(NaturalNews) Researchers from the University of Nottingham have found that a rare, wild mushroom called cordyceps
is an effective treatment for cancer. Commonly used in Chinese medicine, the cordyceps fungi inhibits the growth, division, and proliferation of cancer cells in the body.
Cordyceps was originally formulated into a cancer drug called cordycepin back in the 1950s. Though the drug version was ultimately found to be ineffective because of rapid degradation inside the body once it was administered, the active components from the mushroom continue to be effective cancer fighters.
Depending upon dosage levels, cordyceps mushroom extracts directly impact the process of cell protein development, impeding the production of the mRNA molecules that create them. At high doses, cordyceps inhibits protein development directly, essentially eliminating the ability of cancer cells to function and survive.
Since the study focused on the pharmaceutical drug formulation derived from cordyceps, called cordycepin, lead scientist Dr. Cornelia de Moor and her team specifically sought ways to improve the effectiveness of that particular drug. Their only solution was to suggest giving another drug alongside cordycepin in order to prevent it from degrading in the body. The team warned that the other drug causes serious side effects which may discourage its use.
Though the research focused primarily on cordycepin, it ultimately revealed the powerful effects of cordyceps in preventing and treating cancer
. The study is set to be published in the Journal of Biological Chemistry
and its authors hope that the findings will spark further research into the potential uses for cordyceps as a cancer treatment.
Comments by Mike Adams, the Health Ranger
What's really fascinating about these "new" findings are that they aren't really new at all -- this is the same information you can read in ancient Traditional Chinese Medicine texts... if you can read ancient traditional Chinese writings, of course.

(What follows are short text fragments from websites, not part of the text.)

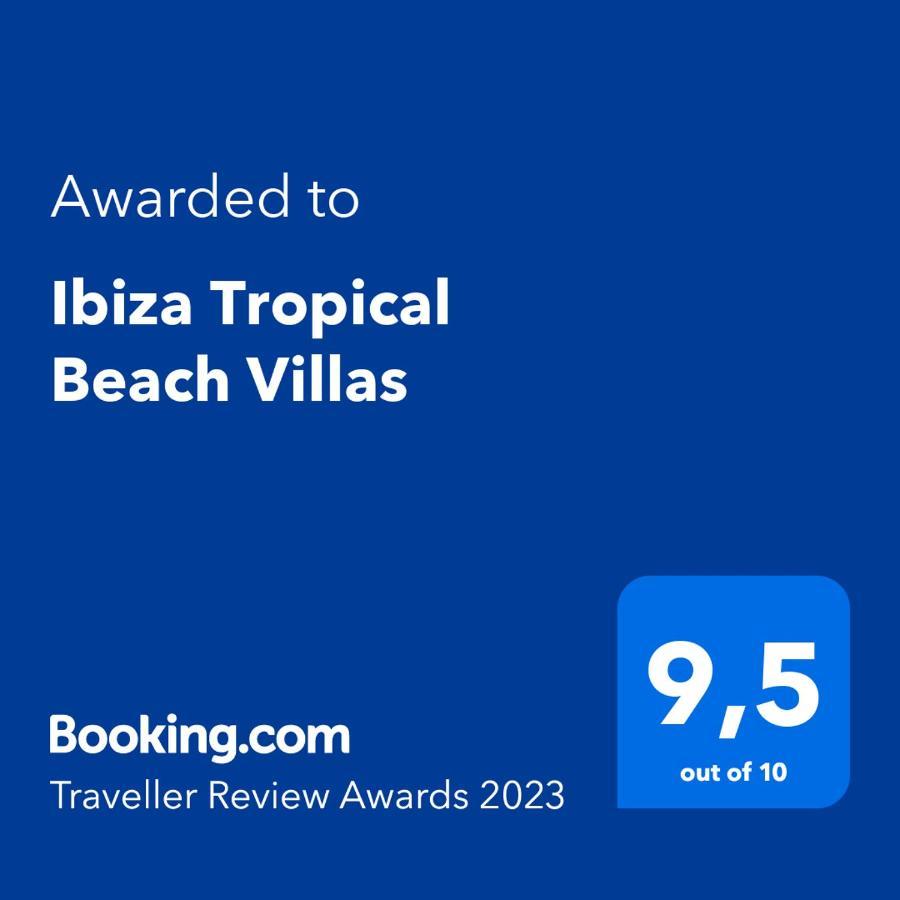 Ibiza Tropical Beach Villas Увита Екстериор снимка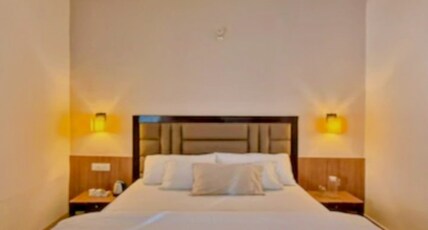 Hotel City Palace Room Type - Super Deluxe AC Room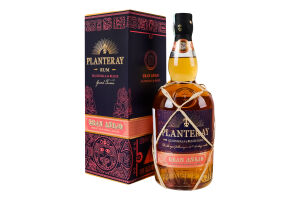 Ром 0.7л 42% Gran Anejo Guatemala Planteray к/у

I know many TCM practitioners and several of them can actually read the ancient texts. One book written 2,000 years ago -- yes, that's 1,900 years before Big Pharma even existed -- teaches the healing powers of medicinal mushrooms like cordyceps
Much of Big Pharma's modern effort has been focused on trying to isolate, pirate and patent ancient Chinese Medicine molecules. This is, of course, a form of "biopiracy" where U.S. corporations steal intellectual property from China and never pay a royalty to anyone. Interestingly, U.S. companies don't even consider this a form of stealing. I guess "our" theft is okay but "their" theft is illegal, huh?
It's particularly interesting that China is often under fire for pirating software from U.S. companies like Microsoft, but the U.S. consistently gets away with the mass-pirating of Chinese medicine. (Personally, I'm completely against patent protection for medicines, seeds, human genes, foods and animals.)
The truth about cordyceps is that you don't need some fabricated cordyceptin
drug to experience the benefits of cordyceps -- all you need is cordyceps itself!Sources for this story include:http://www.bbsrc.ac.uk/media/releases/2009/091223-new-insights-mushro...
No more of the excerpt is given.